I also said it was a great first step, but limited. The mapping capability is understandably basic, though the documentation shows how you can customize styling somewhat. There is also a point at which the data seems to become too big to render (in either the map or in raw form). Bill Morris has identified this limit to be in the ballpark of 4.5MB, which can be easy to hit with GeoJSON.

So this means that enterprises won’t be dumping terabytes of vectors to GeoJSON and loading them into GitHub. That’s a good thing in my book. It is, however, an acceptable solution for small data sets and quick turn-around data sharing. As with all things, you have to go in with the right set of expectations.

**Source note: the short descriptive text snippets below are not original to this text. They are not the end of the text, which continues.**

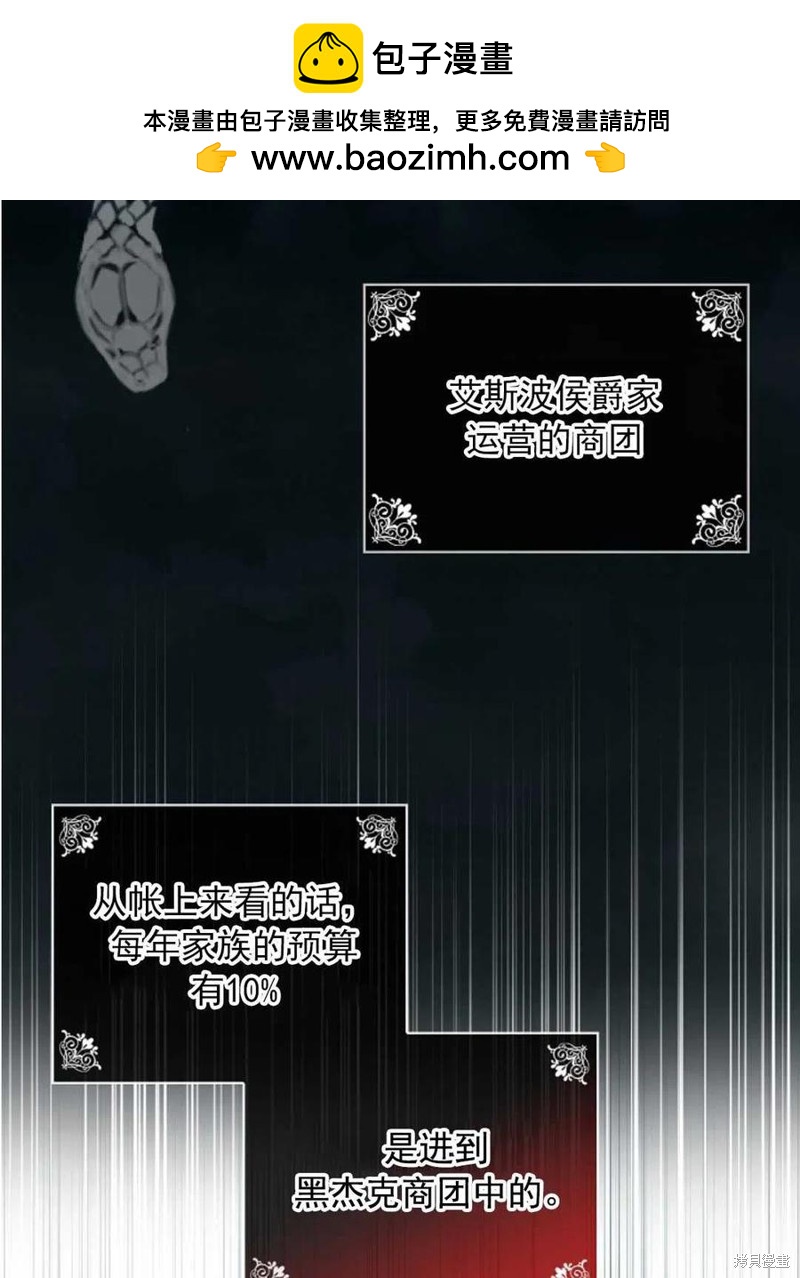 《琉璃温室的公爵夫人》第30话 第2页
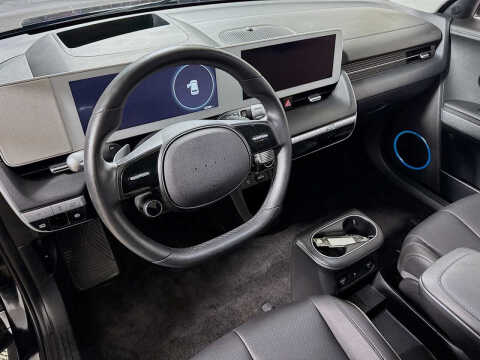 2023 Hyundai Ioniq 5 Limited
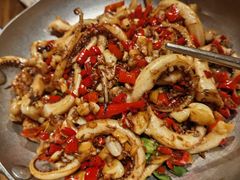 -老湘村·湖南土菜(天河维多利店)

The thing I’m probably least worried about is how this affects Esri. Without any specific inside knowledge of Esri’s plans, I suspect some form of official support for GeoJSON isn’t far off. There are too many people inside Esri who get GeoJSON for it not to happen. If anything, the GitHub announcement may provide a bit of a push by providing a potentially rich source of data sets to consume. The real question is what form the support will take. In any event, Esri provides enough APIs to enable us to develop our own support for GeoJSON if we need it.

The addition of GeoJSON mapping to GitHub is a very small change in the scheme of that platform, but such small changes can sometimes lead to big shifts. It has been possible for a long time to use GitHub to host geospatial data for applications. The main benefit of this latest change, in my opinion, is its potential to get people thinking about the platform in a different way. With such a visible (and visual) change on a platform targeted at developers, I hope that it will motivate that community to begin experimenting with how far it can be pushed. If a hosted platform with an already-baked-in workflow for change management and version control begins to be viewed as a viable home for spatial data, it has the potential to change how the geospatial community thinks about how it does business.